初代AirTag在庫切れ続出、第2世代発売で「追跡デバイス」市場に変化
Apple初代AirTagの在庫が各社で枯渇中。第2世代発売により、位置追跡デバイス市場に新たな動きが。日本のユーザーへの影響を分析
Amazonで1個売りの初代AirTagが完全に在庫切れとなった。再入荷の予定は未定で、Appleの第2世代AirTag発売により、初代モデルの流通に大きな変化が起きている。
現在、4個パックはAmazon、Walmart、Best Buyで64ドル(約9,600円)で販売されているが、これが初代モデルを手に入れる最後のチャンスかもしれない。単品ではWalmartで17ドル(約2,550円)で購入可能だが、こちらも在庫が限られている状況だ。
なぜ今、初代AirTagが注目されるのか
第2世代の発売により、初代AirTagは「型落ち品」となったが、その価値は決して低くない。Ultra Wideband技術を搭載し、iPhoneのFind Myアプリで数センチ単位の精密な位置特定が可能だ。車のシートの隙間に落ちた鍵でも、画面の矢印と音声ガイダンスで正確に見つけられる。

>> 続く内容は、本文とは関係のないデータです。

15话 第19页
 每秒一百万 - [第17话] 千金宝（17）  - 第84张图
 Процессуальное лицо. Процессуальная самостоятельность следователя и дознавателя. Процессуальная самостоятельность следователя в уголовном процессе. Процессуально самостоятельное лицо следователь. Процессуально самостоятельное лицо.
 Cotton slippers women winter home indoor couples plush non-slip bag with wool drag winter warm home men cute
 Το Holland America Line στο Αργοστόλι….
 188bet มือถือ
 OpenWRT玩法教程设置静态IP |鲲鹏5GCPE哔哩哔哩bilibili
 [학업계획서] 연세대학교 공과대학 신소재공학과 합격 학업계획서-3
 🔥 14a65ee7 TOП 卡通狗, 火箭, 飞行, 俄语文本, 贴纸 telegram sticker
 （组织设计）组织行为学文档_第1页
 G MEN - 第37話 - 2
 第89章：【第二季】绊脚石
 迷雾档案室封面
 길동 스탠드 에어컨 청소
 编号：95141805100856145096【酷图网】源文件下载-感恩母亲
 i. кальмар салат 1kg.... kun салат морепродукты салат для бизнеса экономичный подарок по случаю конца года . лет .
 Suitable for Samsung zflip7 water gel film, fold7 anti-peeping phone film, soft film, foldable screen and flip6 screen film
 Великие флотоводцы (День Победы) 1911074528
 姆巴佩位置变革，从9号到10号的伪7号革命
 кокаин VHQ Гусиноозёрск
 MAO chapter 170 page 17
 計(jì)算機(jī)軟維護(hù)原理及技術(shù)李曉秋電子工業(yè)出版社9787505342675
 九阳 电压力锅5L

この精度は、競合するTileなどの追跡デバイスでは実現できないレベルだ。さらに、最大5人との位置情報共有機能や、アメリカン航空やヴァージン・アトランティックなどの航空会社との連携機能も利用できる。
第2世代との違いは本当に重要か
新型AirTagは確かに改良されている。UWBチップの性能向上により、より遠距離からの追跡が可能になり、スピーカーも50%大音量化された。しかし、日常使用において、これらの改良がどれほど体感できるかは疑問だ。
初代でもIP67防水規格を満たし、CR2032電池で約1年間動作する。電池交換も簡単で、本体を買い替える必要がない。コストパフォーマンスを重視する日本のユーザーにとって、初代でも十分すぎる性能を提供している。
日本市場への示唆
興味深いのは、Appleが初代モデルの流通を急速に絞っていることだ。これは単なる在庫整理ではなく、プレミアム価格戦略の一環と見られる。日本でも同様の動きが予想され、初代AirTagの価格は今後上昇する可能性がある。
日本の消費者は品質と価格のバランスを重視する傾向がある。初代AirTagの2,550円という価格は、紛失防止デバイスとしては手頃で、複数購入のハードルも低い。家族全員の貴重品に取り付けることを考えれば、4個パックの9,600円は決して高くない投資だ。